ABOUT THIS EXERCISE >>
Transcribe the data underneath exactly. No images belong in your version.

┌─ INPUT MATERIAL

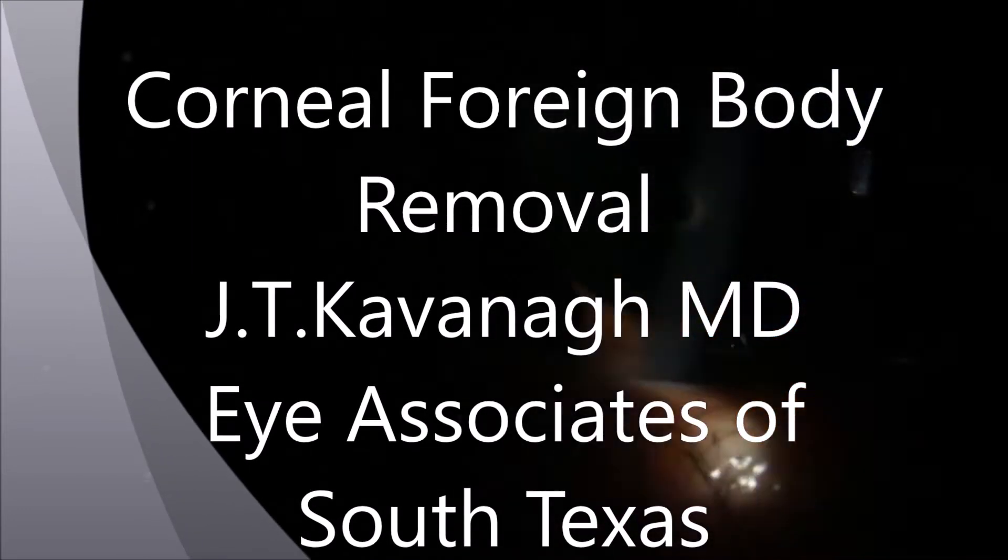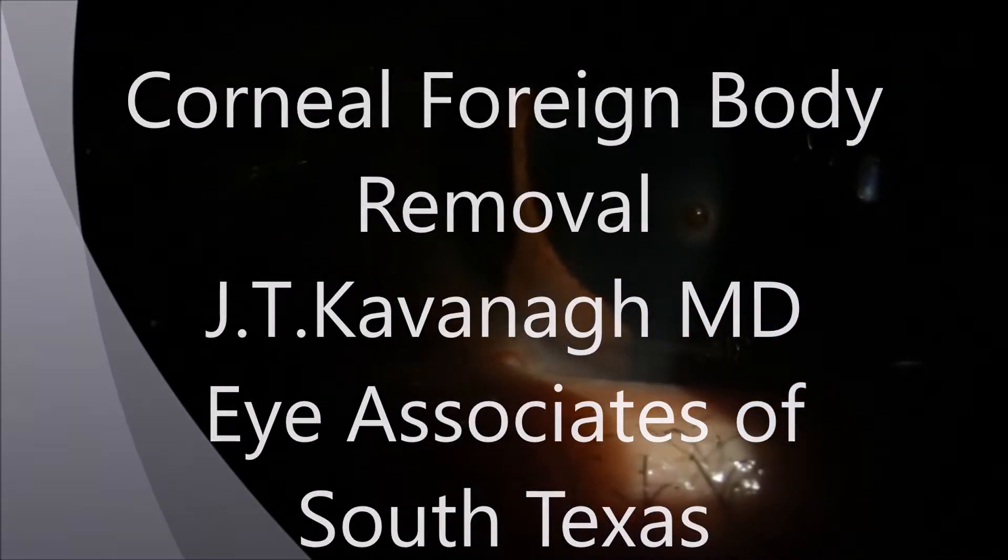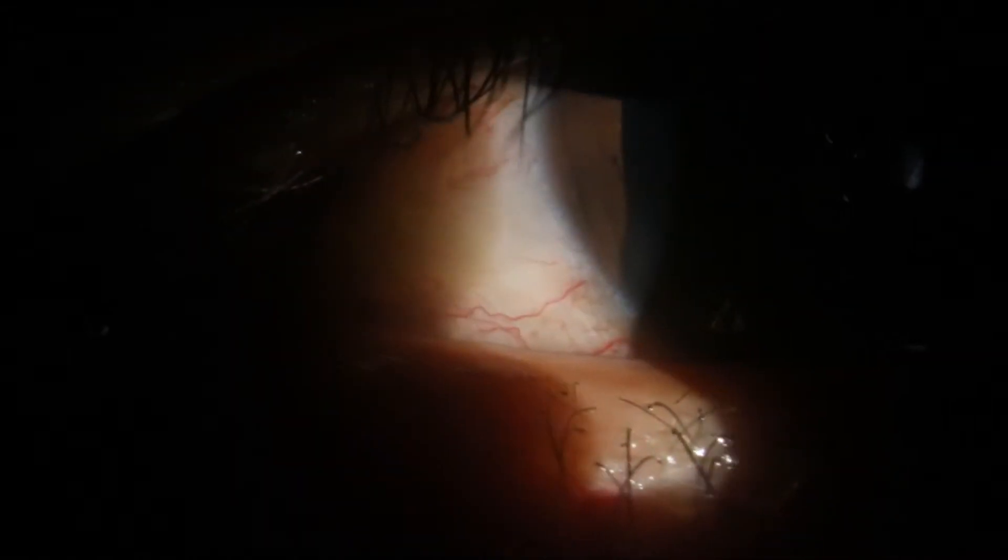This is a common ocular injury, frequently seen in metal workers. This is a superficial corneal foreign body, and this is easy to remove with a slit lamp.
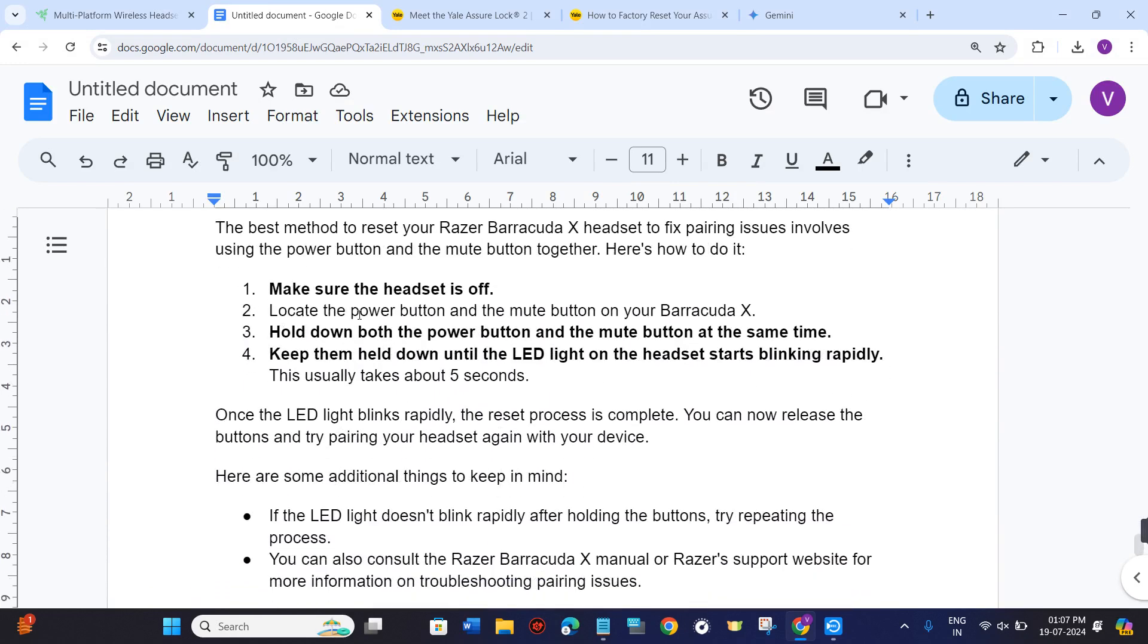In order to do it, you need to make sure that the headset is off, then you need to locate the power button and the mute button on your Barracuda X device.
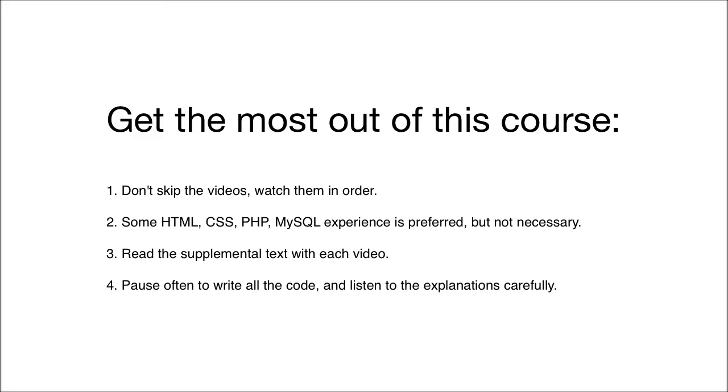When you pause often, you'll have the chance to stop, think about what I'm covering, and then write the code that I'm writing on the screen. You really need to listen to the explanations, and pausing is the only way you're going to be able to do that.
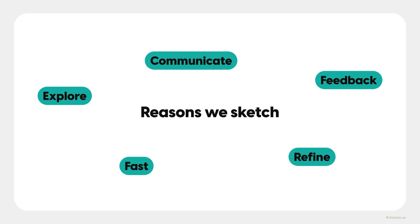Again, your goals are to explore, generate ideas, communicate with others, get feedback, refine your concepts, and save time.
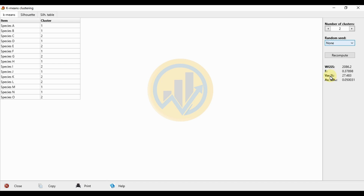Next is the percentage of variation. The percentage of variation refers to the percentage of variation explained by each principal component in a Principal Component Analysis (PCA), rather than a specific metric used in K-Mean clusters. The percentage of variation explained by each principal component quantifies the proportion of total variation in the data accounted for by that component. A high percentage of variation explained by a principal component indicates it captures a large amount of variation. The percentage of variation value is 27.483.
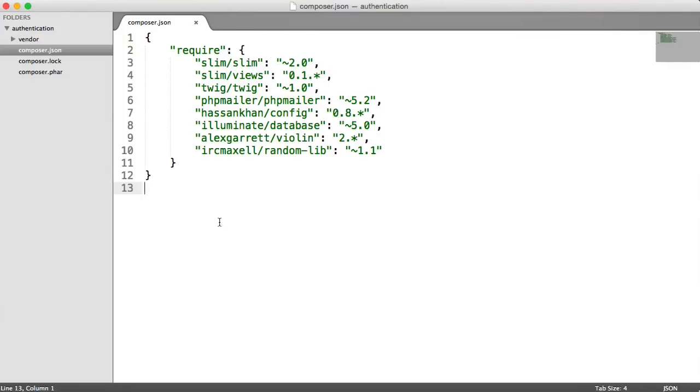Now that our project dependencies are downloaded, we want to set up our framework so we can start building this authentication system onto it. We're going to look at a very brief project structure, and we'll be adding to this later on. But this will give you a good idea of how things are going to be set up.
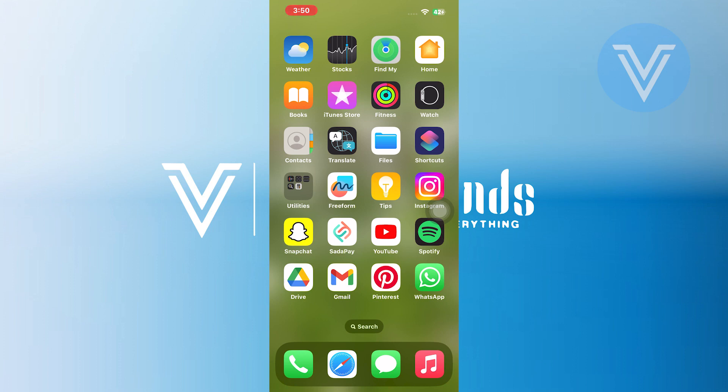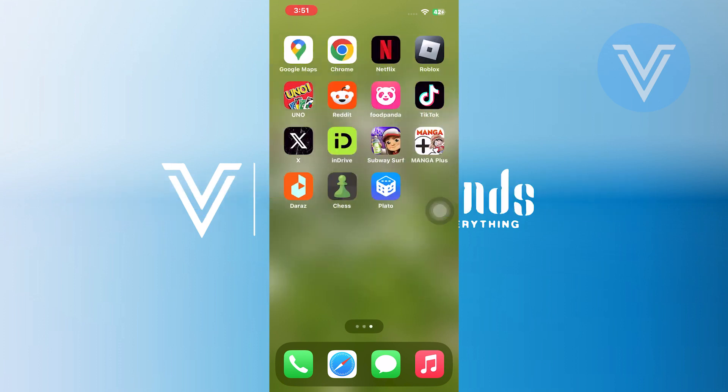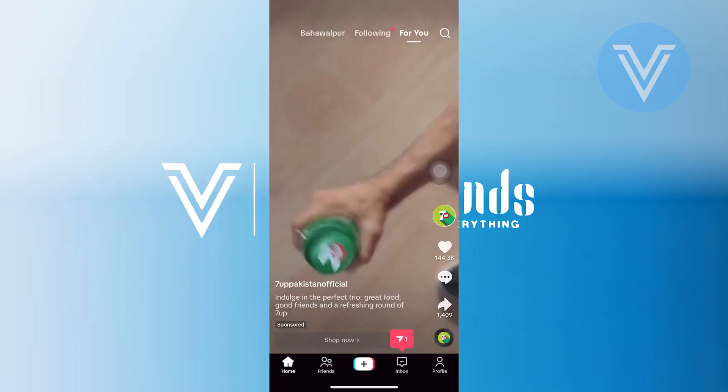Hello everyone and welcome to the channel. In this video, I will show you exactly how to remove suggested accounts from TikTok. First of all, open up your TikTok application on your iPhone.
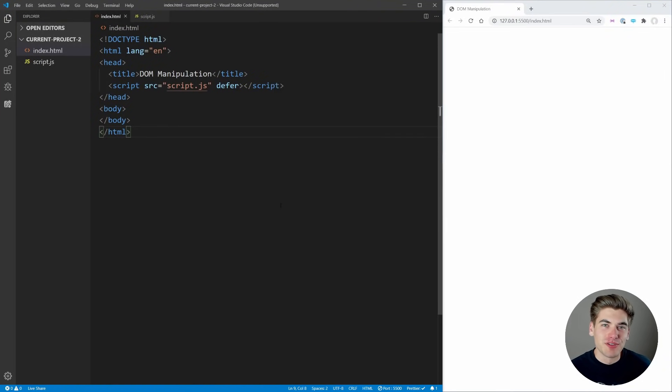Welcome back to Web Dev Simplified. My name's Kyle, and my job is to simplify the web for you so you can start building your dream project sooner.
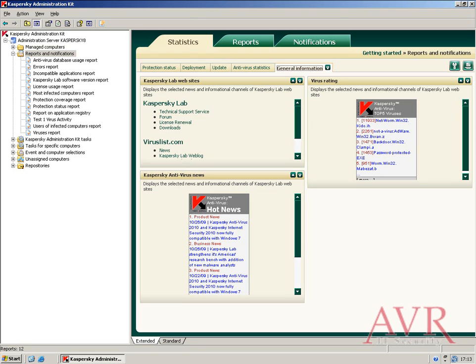Kaspersky's reporting functionality has vastly improved since the last version and offers most, if not all, of the information that you'd want to view. The reports are customizable and can be run on a schedule to be emailed to the applicable person or people.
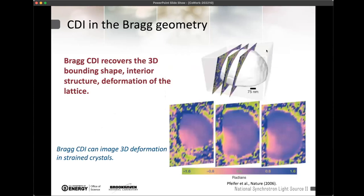You get the three-dimensional information in a different way than with forward scattering CDI, but it is still there. This was demonstrated in the 2006 Nature paper where we reconstructed a lead crystallite and then looked at the phase of the reconstructed real space estimate of the object, interpreting that phase in the context of deformation within the material. That's the reason you go to this non-trivial Q — you want to get deformation information out of the crystal.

└─

REPLY >>
This is a common ocular injury, frequently seen in metal workers. This is a superficial corneal foreign body, and this is easy to remove with a slit lamp.
In order to do it, you need to make sure that the headset is off, then you need to locate the power button and the mute button on your Barracuda X device.
When you pause often, you'll have the chance to stop, think about what I'm covering, and then write the code that I'm writing on the screen. You really need to listen to the explanations, and pausing is the only way you're going to be able to do that.
Again, your goals are to explore, generate ideas, communicate with others, get feedback, refine your concepts, and save time.
Next is the percentage of variation. The percentage of variation refers to the percentage of variation explained by each principal component in a Principal Component Analysis (PCA), rather than a specific metric used in K-Mean clusters. The percentage of variation explained by each principal component quantifies the proportion of total variation in the data accounted for by that component. A high percentage of variation explained by a principal component indicates it captures a large amount of variation. The percentage of variation value is 27.483.
Now that our project dependencies are downloaded, we want to set up our framework so we can start building this authentication system onto it. We're going to look at a very brief project structure, and we'll be adding to this later on. But this will give you a good idea of how things are going to be set up.
Hello everyone and welcome to the channel. In this video, I will show you exactly how to remove suggested accounts from TikTok. First of all, open up your TikTok application on your iPhone.
Welcome back to Web Dev Simplified. My name's Kyle, and my job is to simplify the web for you so you can start building your dream project sooner.
Kaspersky's reporting functionality has vastly improved since the last version and offers most, if not all, of the information that you'd want to view. The reports are customizable and can be run on a schedule to be emailed to the applicable person or people.
You get the three-dimensional information in a different way than with forward scattering CDI, but it is still there. This was demonstrated in the 2006 Nature paper where we reconstructed a lead crystallite and then looked at the phase of the reconstructed real space estimate of the object, interpreting that phase in the context of deformation within the material. That's the reason you go to this non-trivial Q — you want to get deformation information out of the crystal.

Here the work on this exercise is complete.